While Montreal took the field with focus (and a large number of key players out
on the injured list, most notably terror-striker Freddie Commodore), Toronto’s
plan seemed a complicated and disjointed affair. Although they offered a couple
of quality moments on the offense (newcomer Smith showed a game of impressive
pace and insight, while mystery-player-of-the-night Njima made the most of his
role as a sub with flash and confidence), their overall showing was drab with
an unnerving feeling of unfamiliarity with one another. Passes were
inconsistent, quality control of attacking opportunities was scarce, and any
sense of overall vision only appeared in brief glimpses.
Fullback Piette, however, seems to be settling into his central role, and one
of 2004’s fan faves, Jamie Dodds, showed up with a gritty fierce intensity.
In the visitor’s end, recent signee Lars Lyssand put in a hammer-and-tongs
performance (the same which made him such an important member of now-defunct
Syracuse), going toe to toe with Dodds all night and offering much in the way
of two-way play; he may turn out to be the most quiet and important of
offseason transfers for the 2005 campaign.
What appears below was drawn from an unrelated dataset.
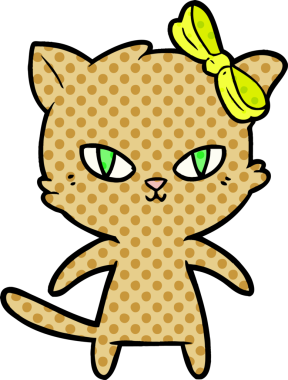 Bir insan tarafından çizilmiş sevimli çizgi film kedisi.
With some well-founded rumors flying in the Toronto camp of two highly rated
returning midfielders, as well as Faria, Mattachione and Arango coming off the
inured list things could go from troubled yet energetic, to promising and
wholly creative.
The Lynx next play again at home to the visiting Puerto Rico Islanders on May
the 28th.
Card Infractions: Montreal- Gervais (YELLOW, 66th min). Toronto- Gerba (YELLOW,
33rd), Mayard (RED, 92nd min).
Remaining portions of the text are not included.